### What to produce
For the listing below, the answer is an exact retyping of the lines from the one with "I would like" through the one with "In this screencast, I", both included, without pictures.

### Data shown
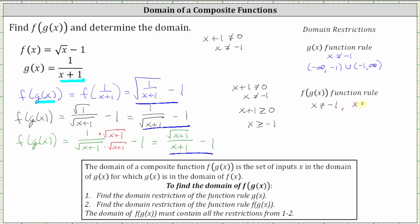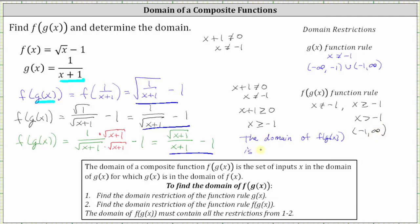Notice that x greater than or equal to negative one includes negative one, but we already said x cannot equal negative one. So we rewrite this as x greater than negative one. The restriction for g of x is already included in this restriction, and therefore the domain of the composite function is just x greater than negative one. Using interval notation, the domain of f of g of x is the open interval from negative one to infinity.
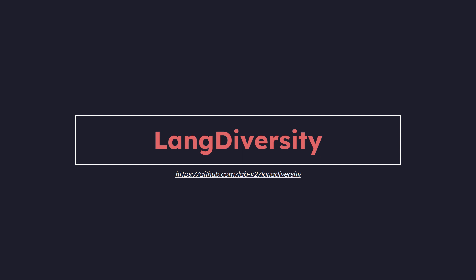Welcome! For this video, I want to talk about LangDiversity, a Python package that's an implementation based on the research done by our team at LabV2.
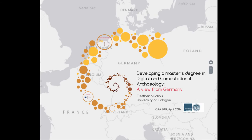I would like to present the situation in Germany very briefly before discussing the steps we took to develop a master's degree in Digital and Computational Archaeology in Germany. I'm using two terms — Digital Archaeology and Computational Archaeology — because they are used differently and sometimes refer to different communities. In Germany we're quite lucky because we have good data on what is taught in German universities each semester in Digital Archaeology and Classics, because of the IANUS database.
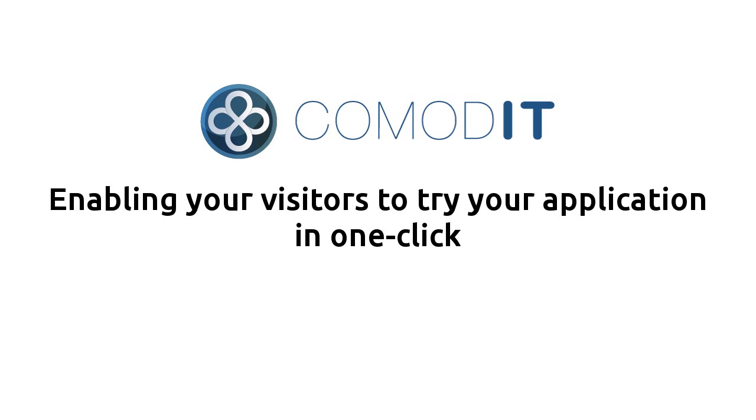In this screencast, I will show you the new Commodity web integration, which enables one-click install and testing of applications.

* * *

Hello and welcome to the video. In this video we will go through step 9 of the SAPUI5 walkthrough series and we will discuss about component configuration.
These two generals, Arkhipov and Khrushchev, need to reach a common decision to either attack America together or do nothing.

### Finished exercise
I would like to present the situation in Germany very briefly before discussing the steps we took to develop a master's degree in Digital and Computational Archaeology in Germany. I'm using two terms — Digital Archaeology and Computational Archaeology — because they are used differently and sometimes refer to different communities. In Germany we're quite lucky because we have good data on what is taught in German universities each semester in Digital Archaeology and Classics, because of the IANUS database.
In this screencast, I will show you the new Commodity web integration, which enables one-click install and testing of applications.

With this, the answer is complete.